Сначала была Голгофа.
Он стоял на эшафоте, ослепленный после томительных месяцев угрюмой одиночки серостью зачинающегося петербургского утра 22 декабря 1849 года. Самого обычного для всех и последнего теперь уже, наверное, для него.
До смерти оставалось несколько минут. Троих уже привязывали к столбам. Прозвучала какая-то команда, он ее не расслышал, но увидел, как серые солдаты подняли ружья на изготовку. А в ушах, во всем существе еще глухо отдавалось неотвратимое: "...Отставного инженер-поручика Достоевского... подвергнуть смертной казни расстрелянием..."
Сквозь морозные клубы дыма, стоявшего над серыми домами, вдруг выбился луч солнца, сверкнул на золоченом куполе собора, ударил в глаза неизъяснимым светом. Но он стоял на эшафоте, и жить ему оставалось минут пять, не больше.
Глухо раздалось: "На прицел!", и черные ружья напряженно вытянулись к приговоренным. "Момент этот был поистине ужасен, — вспоминал потом один из осужденных. — Сердце замерло в ожидании, и страшный момент этот продолжался с полминуты..." Барабанная дробь будто разрезала холодное молчание декабрьского утра, и шестнадцать ружей мгновенно уставились в небо... И словно из невозможного сна сознание начало увязывать в смысл чужие, отрывистые, как дробь барабана, слова:
Его величество по прочтении всеподданнейшего доклада... повелел вместо смертной казни... Отставного инженер-поручика Федора Достоевского... в каторжную работу в крепостях на четыре года, а потом рядовым...
Жизнь...
Она вся "пронеслась вдруг в... уме, как в калейдоскопе, быстро, как мо
"Брат! Я не уныл и не упал духом, — писал он вечером, после только что пережитого перед лицом смерти, в ожидании, теперь уж совсем недолгом, сибирской каторги. — Жизнь везде жизнь, жизнь в нас самих, а не во внешнем. Подле меня будут люди, и быть человеком между людьми и оставаться им навсегда, в каких бы то ни было несчастьях не уныть и не пасть — вот в чем жизнь, в чем задача ее. Я сознал это. Эта идея вошла в плоть и кровь мою...
Как оглянусь на прошлое да подумаю, сколько даром потрачено времени, сколько его пропало в заблуждениях, в ошибках, в праздности... как не дорожил я им, сколько раз я грешил против сердца моего и духа, — так кровью обливается сердце мое. Жизнь — дар, жизнь — счастье, каждая минута могла быть веком счастья... Теперь, переменяя жизнь, перерождаюсь в новую форму. Брат! Клянусь тебе, что я не потеряю надежду и сохраню дух мой и сердце в чистоте. Я перерожусь к лучшему..."
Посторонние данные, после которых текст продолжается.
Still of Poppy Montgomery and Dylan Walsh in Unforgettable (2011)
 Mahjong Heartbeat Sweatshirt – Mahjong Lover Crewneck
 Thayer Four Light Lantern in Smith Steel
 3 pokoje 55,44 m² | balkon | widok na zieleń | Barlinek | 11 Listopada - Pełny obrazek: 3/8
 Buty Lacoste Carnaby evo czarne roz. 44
Он сдержит клятву. Он "умрет" в Мертвом доме, как зерно, падшее в землю, чтобы принести много плодов...
Ровно через десять лет Достоевский вновь вернется в Петербург. Вернется не сломленным, но с новой верой. В нем останется все то же — и даже окрепнет, обретет почву — "духа мощное господство", но человек, прошедший через все круги ада и вернувшийся вновь к жизни, не может быть прежним.